Она взяла его за руку и повела из парка, который навеял мрачные мысли.
— Во Флоренции все по-настоящему хорошие магазины сами делают мороженое, — сказал Лука. — И каждое заслуживает, чтобы его попробовали.
Он одарил ее опасно сексуальной улыбкой.
— Я не настолько самовлюблен, что не способен оценить чужое мастерство.
Через пару мгновений они оказались у одного из самых популярных магазинов мороженого в городе. Через оконное стекло виднелись длинные прилавки, уставленные сотней видов яркого мороженого.
— Рожок или стаканчик?
Минти испепеляюще посмотрела на Луку:
— О, я знаю, вы, пуристы, предпочитаете стаканчики, но, мой друг, я англичанка, а мы едим мороженое из рожков. Но, — осторожно добавила она, — я необычный вид и предпочитаю только сладкие рожки.
— А какое мороженое прекрасная синьорина желает отведать из своего сладкого рожка?
— Все, — сказала она, прижавшись носом к стеклу подобно голодному викторианскому беспризорнику. — Как я могу выбрать?
— Давай зайдем внутрь и решим, — предложил Лука. — Или останемся здесь и продолжим смотреть…
Минти потребовалось десять минут, чтобы решить, что, как она призналась, было не так уж плохо, поскольку она провела в Италии всего пару недель и еще ни разу не была в магазине мороженого.
— Ты появлялась в магазине на моей фабрике строго по часам в каждый обеденный перерыв, — негодовал Лука.
— Это не одно и то же, — пыталась объяснить Минти.
— И из всего этого разнообразия ты выбрала frutti di Bosco и лимон, — сказал он.

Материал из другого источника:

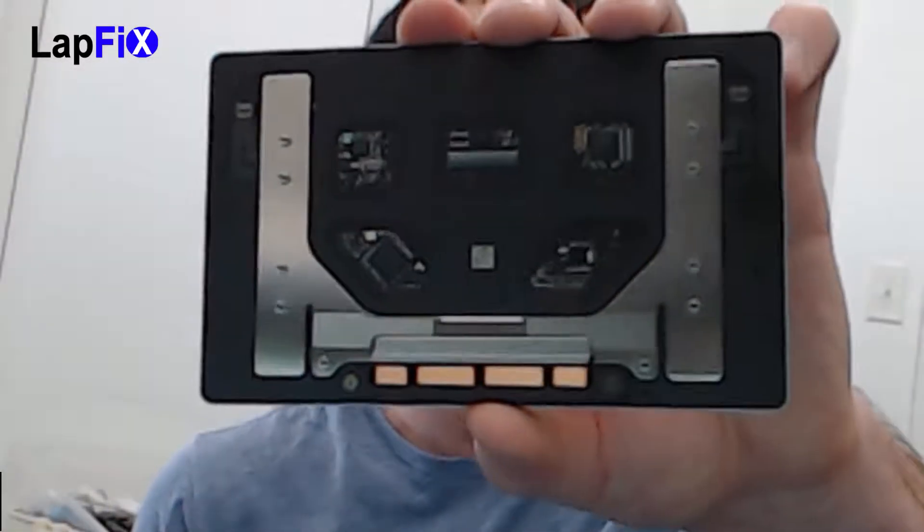Hey everyone, so today we have a 2016 MacBook Pro — this is the A1706 model. What we're going to be doing is installing a trackpad for it. We're going to show you how to do it. The trackpad does work, but we lost the haptic feedback, and that's really important for our client. So we're going to replace it with a brand new one, just like this.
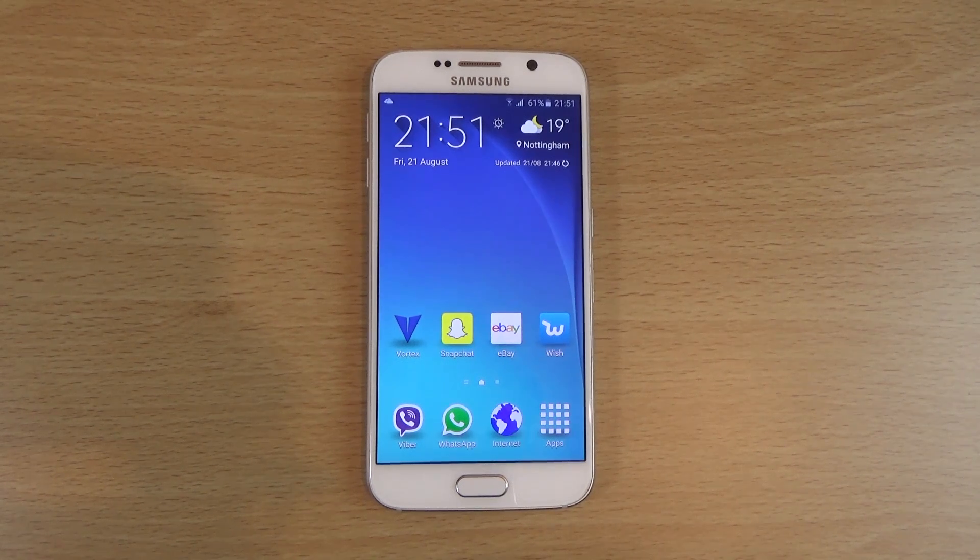Hey guys, so I just read an interesting news story about the fact that you can actually put on the Android 6.0 Marshmallow Launcher for devices now, even non-Nexus devices.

Лука пытался убедить Минти сделать более экзотичный выбор.
— Это классика, — сказала она. — Я уверена, что мятный ликер и кофе дают потрясающее сочетание, но я хочу что-то более нежное. И еще, — добавила она, заметив вспышку в его глазах. — Я могу быть нежной. Посмотри на меня.
— Ты сегодня прекрасно выглядишь, — сказал он. — Я же не забыл тебе сказать об этом?
— Ты уже говорил это раз десять, но я прощаю тебя.
Обычно Минти нравилось, когда ее платье соответствует ее светскому образу. Она осуждала девиц, являвшихся на вечеринки полуодетыми, с искусственным загаром, предпочитая оставаться на пике моды, но не столь броской.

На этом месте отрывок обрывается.